A more direct way to tax billionaire wealth is to tax the wealth itself instead of just its growth. If the wealth tax proposed by Sen. Elizabeth Warren had been in effect in 2020, the nation’s billionaires alone would have paid $114 billion for that year—and would pay an estimated combined total of $1.4 trillion over 10 years.
Poll after poll shows that Americans of all political persuasions and by large majorities believe that the wealthy and big corporations need to start paying their fair share of taxes. A June poll by ALG Research and Hart Research shows 62 percent of voters support Biden’s proposed $4 trillion (at the time) investments in healthcare, childcare, education, clean energy and more—paid for by higher taxes on the rich and corporations.
August 24, 2021
- Chuck Collins is the Director of the Program on Inequality and the Common Good at the Institute for Policy Studies, where he co-edits Inequality.org.

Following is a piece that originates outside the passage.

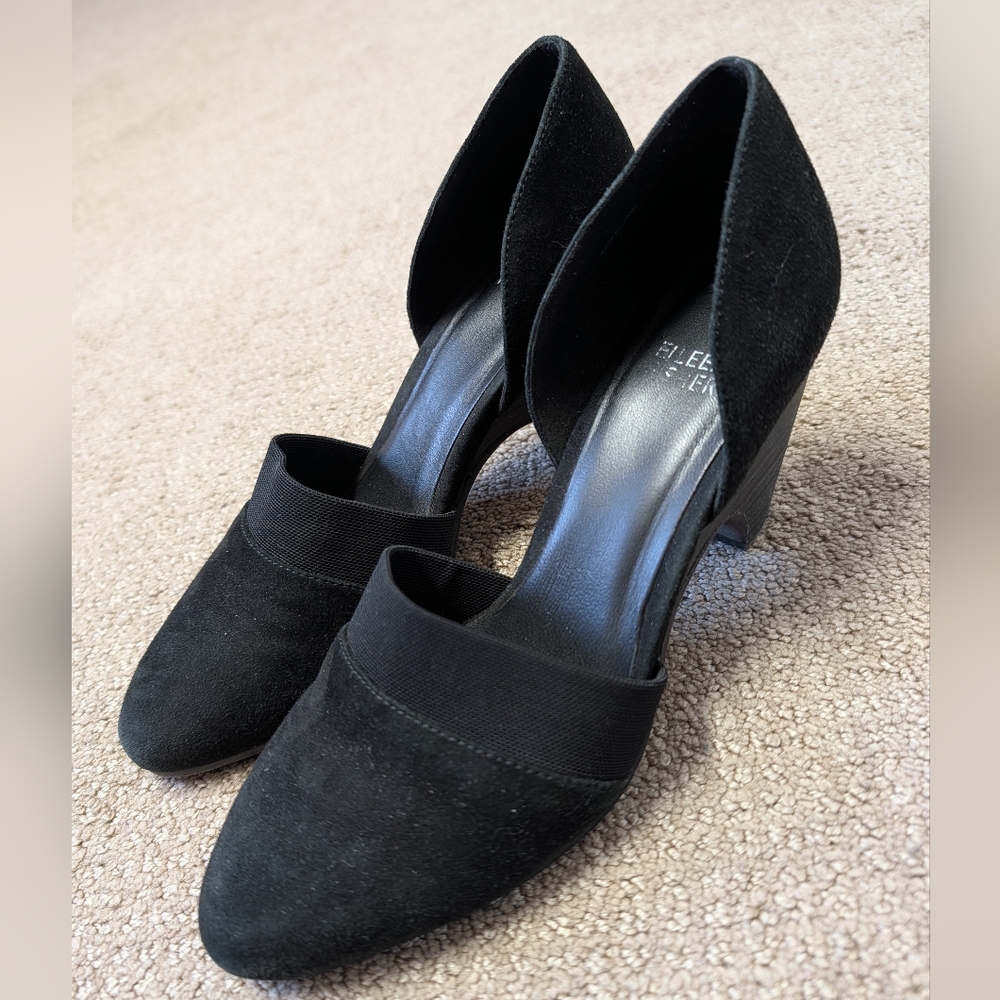 Eileen Fisher Bailey Black Suede D'Orsay Slip On Block Heels 7.5 Stretch Career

[1] March 18, 2020 is used as the unofficial beginning of the coronavirus crisis because by then most federal and state economic restrictions responding to the virus were in place. March 18 was also the date that Forbes picked to measure billionaire wealth for the 2020 edition of its annual billionaires’ report, which provided a baseline that ATF and HCAN compare periodically with real-time data from the Forbes website. PolitiFact has favorably reviewed this methodology.